Of course, the best thing about these tours is the information the guides give you and, though the versions we got from the different guides on the different buses were not always consistent, they were all very interesting! They pointed out the Little Gem Saloon where Louis Armstrong learned his trade, the places where Lee Harvey Oswald and John Wilkes Booth had lived and worked (yes, they both had connections to New Orleans!) and the Elysian Fields Avenue of Tennessee Williams’ ‘Street Car Named Desire’ fame. We heard how the street cars were originally pulled by mules and how the mule tradition continues in the city (you can still take a ride on mule-drawn carriages and there are many still-used horse-head hitching posts), how the street cars still operate at very reasonable prices ($3 for a whole day or 40 cents for seniors). We saw the Winston Churchill statue (he had insisted on visiting NO because this was where the Higgins boats were built and he thought them instrumental in the winning of the war) and a nearby real-person human statue of a lady sitting on top of a set of traffic lights in her barely-there swimwear, just because she
wanted to and could! We saw the Customs House (now a showcase for insects – yup, insects) and the original Mint building, now a jazz museum. We heard how NO is the biggest and busiest port in the world with 80% of the USA coffee coming through its docks, how the Mississippi River has water from 39 states draining into it, how many of the houses were long and thin (called ‘shotgun’ houses because you could fire a shotgun from the front door and straight out of the back door) because they used to be taxed on street frontage. We heard about the (fiercely protected) Vampire community in the city, how NO is welcoming, celebrates diversity, is non-judgmental. And, of course, all the history; how the French and Spanish influences had come about, how you had to be Catholic to live in NO before the Louisiana Purchase Act, how many Irish children were shipped over into the Catholic community there during the Potato Famine when they couldn’t be cared for at home, how the Creole community was established and evolved (we heard some people still speaking the Creole language, which sounded almost French but not quite), how the Americans first
began to live there, how the statue of St Joan (of Orleans) on her horse is known locally as ‘Joany on the Pony’ .... Oh my word, there was so much it was impossible to take it all in or to remember it all. I bought a book ......

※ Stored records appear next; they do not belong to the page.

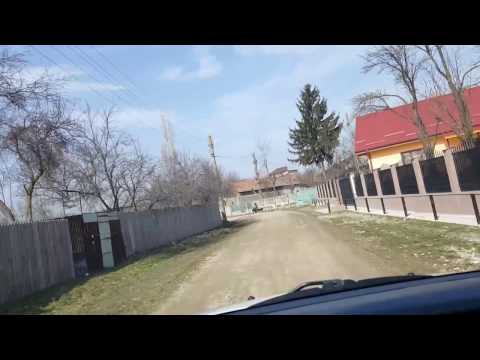 Pe ulița copilăriei  (Ciolanesti Deal ) Teleorman  by Geo -28 Feb 2017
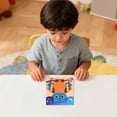 thumbnail image 4 of BotaniNest Montessori Happy Puzzles – Animal Shape Color Montessori For Fine Motor Skills Problem Solving Focus Training & Learning Play Ideal For Screen, 4 of 4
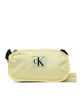 Calvin Klein Jeans Дамска чанта City Nylon Ew Camera Bag K60K610854 Жълт - Mera.bg
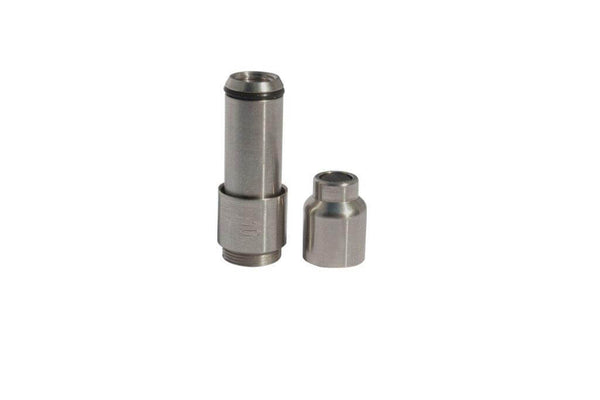 40 S&W Kaliberadapterring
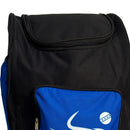 DS Star Duffle Bag Black/ Blue DS Sports
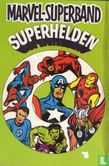 Marvel-Superband Superhelden  - Bild 2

Then, of course, there is the recent history, particularly around the Hurricane Katrina disaster. There was an interactive map in the Information Centre which showed which areas of the city were flooded as a result of the hurricane. We saw the Superdome stadium which was used as a refuge centre at the time and we heard how 40,000 people refused to leave the city because they weren’t allowed to take their pets with them. The law has since been changed to permit this and thus safeguard human (and pet) life. We heard how inadequate the government emergency response had been and how dire the situation was (interestingly, we had seen a FEMA vehicle at our Pensacola hotel where the occupants were staying and we were still tracking that hurricane moving across our future travel path with some concern). We saw how much rebuilding had taken place such that it was
almost as though the disaster hadn’t happened until you stumbled across pockets of rebuilding work on roads and property still taking place. A lot of people have made significant personal contribution to the rebuild and it shows, though Sandra Bullock is now trying to sell her house there, more to do with her marital woes than with any disenchantment with the city, I think! Overall, I was really impressed with the resilience and spirit New Orleans and its residents demonstrated and I fell in love with it.
We explored a lot of New Orleans (miles and miles of it) on foot, after picking out the places to revisit from the bus tours, or going to the places the buses couldn’t or didn’t get to. We were greeted in the car park one day by a huge muscle-bound man who hovered menacingly beside the car window – ‘Quick, Steve, lock the doors!’ It turned out parts of the car park had been taken over by a film crew, due to an episode of NCIS New Orleans. Maybe they would like to come and investigate that red stain on our motel carpet? I understand that film crews for TV and movies
are welcomed in the city and we saw several of them, though how they could just take over a public car park was beyond me and I think they were just fibbing and trying it on. No matter, there was plenty of space left for us to park. We used our HOHO bus ticket to take us to the Lafayette Cemetery (remember my new enthralment with cemeteries?), now surrounded by million dollar properties, and we spent an interesting hour or two there, wandering up and down all the paths looking for a family tomb with the same name as us. We couldn’t find one, but no matter. A lot of the crypts are known as oven crypts, where ‘cooking’ in the heat was instrumental in body decomposition. I can verify from the heat of our time spent there that it wouldn’t take long – golly, it was hot and even I sought out the shade when I could. There were a lot of ‘community’ plots for, for example, firemen and orphanages, and some plots were on the wall and therefore cheaper, but most were private family plots, some with fairly recent additions though many dated back many years and you
could tell when Yellow Fever hit due to the number of deaths at that time. Fascinating stuff!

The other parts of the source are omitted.